It is highly probable that you wonder to manage a parametric study. For instance, you may want to study the impact of one (or more) micro-mechanical parameter on the macroscopic response of your discrete domain. To manage such a study, GranOO embeds interesting tools.

Note that this tutorial step is based on the Example/00004_{tutorial}_{parallel-run}_TENSILE-TEST. So, you can copy/paste/edit this example to try this tutorial by yourself.

Building a template inp file

You must build first a template (generic) input file where your parameter of interest appears. For example, imagine that you want to study the impact of the micro Young’s modulus of a beam lattice on the macroscopic response.

To do such thing, the trick here, is to replace the corresponding value in the *.inp by a unique string ID.

<GRANOO Version="3"  OutDir="TENSILE-TEST-__YOUNG-MODULUS__-Pa" Verbose="No" ThreadNumber="1">
  <STEP Label="pre-processing">
    <READ-DOMAIN FileName="gdd/cube-2000.agdd"/>
    <CONVERT-ELEMENT-PAIR-TO-BEAM YoungModulus="__YOUNG-MODULUS__" RadiusRatio="0.2"/>
    <COMPUTE-OPTIMAL-TIME-STEP Ratio="0.14" />
    <InitSensor/>
  </STEP>
  <STEP Label="processing" IterNumber="5000">
    <CLEAR-LOAD/>
    <APPLY-BOND-LOAD/>
    <INTEGRATE-ACCELERATION Linear="Yes" Angular="Yes" BetaLinear="1.3" BetaAngular="1.3"/>
    <APPLY-DISPLACEMENT X="2e-7*it*-1" Set="Boundary-xMin"/>
    <APPLY-DISPLACEMENT X="2e-7*it"    Set="Boundary-xMax"/>
    <CHECK />
    <UPDATE-SUPPORT-SHAPE EveryIter="10" />
    <WRITE-SENSOR-DATA EveryIter="20" />
  </STEP>
</GRANOO>

You can note the usage of the __YOUNG-MODULUS__ unique string ID instead of a numeric value for the Young’s modulus. Now, we will use the magic of command line for substituting on-the-fly this string ID by a given numeric value. After compiling the corresponding granoo project, you can run granoo with the following command line :

:prompt: ./build/tension.exe ./inp/beam-elastic-tension.inp -s __YOUNG-MODULUS__ -b 10e9

Here, we use the -s option for giving the substitution pattern and the -b option for telling the value. In such a way, these command options are able to substitute the occurrences of the __YOUNG-MODULUS__ in the *.inp file by another string. Of course, you can specify more than one substitution.

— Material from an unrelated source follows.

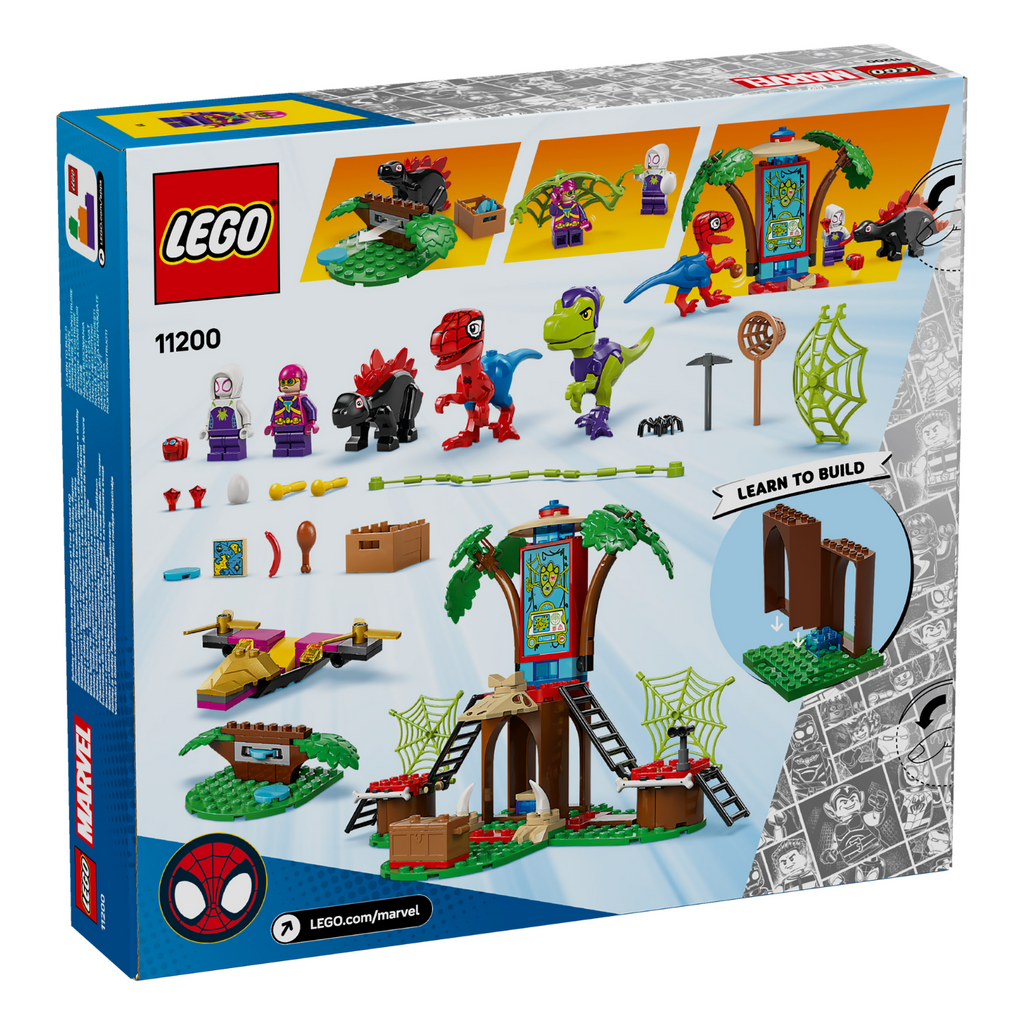 LEGO® Marvel Spidey And His Amazing Friends Spidey and Gobby’s Raptor Battle at Tree House HQ Đồ chơi lắp ráp Siêu anh hùng L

So, now, if you take a look into the backup folder located in the simulation result directory named TENSILE-TEST-10e9-Pa you should see the original *.inp file where the substitution was done.

Running simulations in parallel

The previous section shows how to use substition patterns into *.inp file. Now, we will re-use this trick in combination with python scripts for running massively simulations in parallel.

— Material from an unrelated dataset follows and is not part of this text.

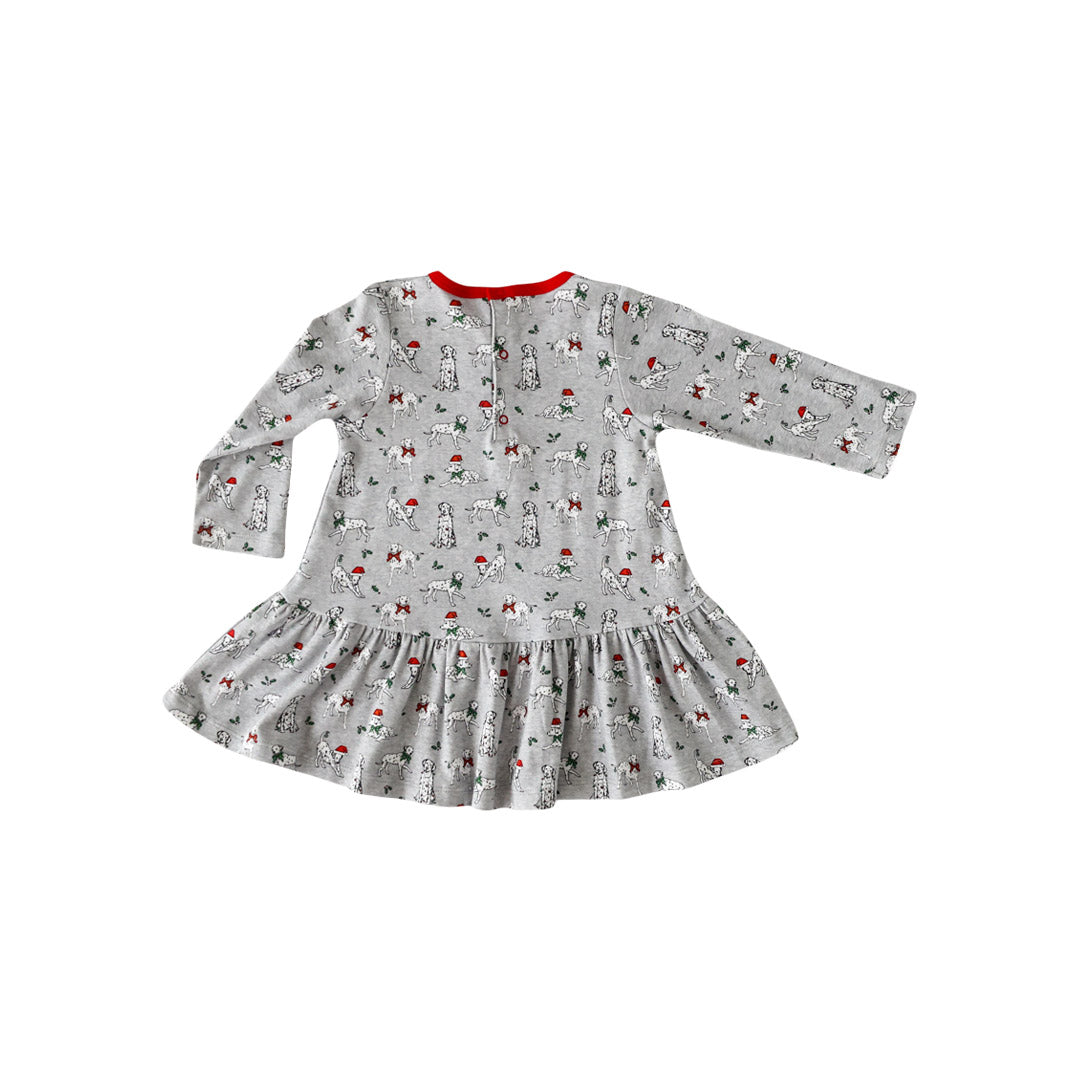 Holiday Dalmatian Swing Dress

To do such job we will use the run python module of granoo. Thanks to this module, we are able to write very simple python scripts able to manage many simulations. Here, we will run 8 simulations by varying the microscopic Young’s modulus from 10 GPa to 80 GPa. It can simply done with the following python script named run.py

import sys, os
from optparse import OptionParser
import granoo3.run as inp

# catch the number of wanted process from command line argument
parser = OptionParser()
parser.add_option("-p", "--proc" , type="int", dest="proc", default=True, help="simu to run in //")
(options, args) = parser.parse_args()

# a simple list that contains all the wanted values of microscopic Young's modulus
YOUNG_MODULUS  = ['10e9', '20e9', '30e9', '40e9', '50e9', '60e9', '70e9', '80e9']

lineArgumentList = []
for e in YOUNG_MODULUS:
    lineArgument = ['./c++/build/tension.exe', './inp/beam-elastic-tension.inp', '-s', '__YOUNG-MODULUS__', '-b', e]
    lineArgumentList.append(lineArgument)

inp.MassiveRun(lineArgumentList, options.proc)

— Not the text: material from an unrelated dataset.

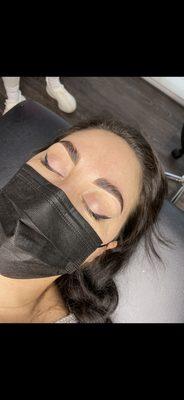 Eyebrow lamination & Tint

Here, we re-use the granoo string substitution trick into a python script in comination with run granoo’s module. Now, we can simply run our simulations by invoking this script with the -p option as follows

:prompt: python ./py/run.py -p 4 

The -p option allows to run simulation in parrallel. Here, 4 simulations are running in parralel. When a simulation ends a, other one is launching automatically until it reaches all the wanted the simulation.

Post-treating a parametric study

Thanks to the plot module of granoo. It is quite easy to post-treat parametric studies. You can take a look into the plot.py script located into the py directory. Indeed, note that the most important thing is to build a unique output directory identifier which can be re-used by the python post-treatment script for retrieving the corresponding results. In this example, it is simply done by substituting the Young’s modulus into the output directory name that gives the following structure :

├── build
├── c++
├── gdd
├── inp
├── py
├── readme.md
├── TENSILE-TEST-10e9-Pa # result dir for 10 GPa
├── TENSILE-TEST-20e6-Pa # result dir for 20 GPa
├── TENSILE-TEST-30e6-Pa # result dir for 30 GPa
├── TENSILE-TEST-40e6-Pa # result dir for 40 GPa
├── TENSILE-TEST-50e6-Pa # result dir for 50 GPa
├── TENSILE-TEST-60e6-Pa # result dir for 60 GPa
├── TENSILE-TEST-70e6-Pa # result dir for 70 GPa
└── TENSILE-TEST-80e6-Pa # result dir for 80 GPa